Jim Hackett, who took over the automaker in 2017 and led an effort to modernize its storied but financially struggling operations, will retire on October 1, Ford said Tuesday. He will be replaced as president and CEO by chief operating officer Jim Farley, who will now be responsible for driving the automaker through the rest of the COVID-19 pandemic, for boosting its competitiveness with higher-tech rivals—and for continuing to turn it around from the lingering effects of the Great Recession, more than a decade ago.

Farley, 58, has “great instincts for the future and the new technologies that are changing our industry,” executive chairman Bill Ford said in a company announcement, also thanking Hackett “for all he has done to modernize Ford and prepare us to compete and win in the future.” Hackett, 65, will remain a special advisor to the company through March 2021.

Ford has struggled with relatively flat sales and dwindling profits in the past few years, even before the COVID-19 pandemic temporarily halted its assembly lines and turned Ford into a ventilator manufacturer.
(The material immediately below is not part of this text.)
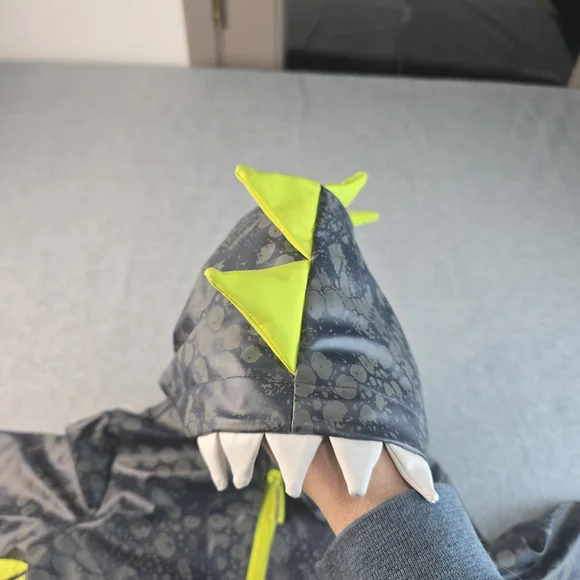 Cat & Jack Kids Hooded Dinosaur Rain Jacket with Neon Accents 5T - Picture 8 of 15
Ford’s stock is down nearly 40% since the start of Hackett’s tenure, and shares rose 1.5% Tuesday after the CEO transition was announced.

Farley has been Hackett’s heir apparent since February, when Ford promoted him to chief operating officer. An industry lifer who spent the first half of his career at Toyota and joined Ford in 2007, he has since held various roles overseeing the company’s strategy, global marketing, and operations in Europe, the Middle East, and Africa. During a conference call Tuesday, he emphasized his plans to build on Hackett’s work to increase Ford’s competitiveness among fierce—and increasingly nontraditional—rivals.

“We know our competition today. It’s Amazon, Baidu, Tesla, Apple, Toyota, and others,” Farley said during a conference call with reporters. “They’re well-financed and voracious companies—and I’m inspired by the positive momentum that we’re now building.”

Farley inherits that tech-savvy focus from Hackett, a former Steelcase CEO who emphasized user experience and recently oversaw Ford’s quick pivot into making ventilators and other personal protective equipment this spring. After replacing Mark Fields, who also lasted three years, Hackett was tasked with both cutting costs and modernizing the automaker known for its founder’s invention of the assembly line.

With his emphasis on design thinking and high-tech innovations, including an electric Mustang, Hackett was a bit of an unusual choice for a Ford CEO. (At least, among white men with brief first names.) “Hackett is as close to an intellectual as the executive suite is ever likely to see, a strategist obsessed by so-called design thinking as a blueprint for doing business,” ’s Adam Lashinsky wrote in a 2017 profile.

But “no matter how clever his ideas, Hackett has yet to distinguish himself financially,” Lashinky wrote 18 months later, adding that “Hackett can only last so long if the company’s stock remains a single-digit embarrassment. (It trades below $9 a share.)” 

Today, Ford stock trades below $7 a share. And the clock appears to be starting on the next Ford CEO’s attempt to boost it, and the automaker’s future.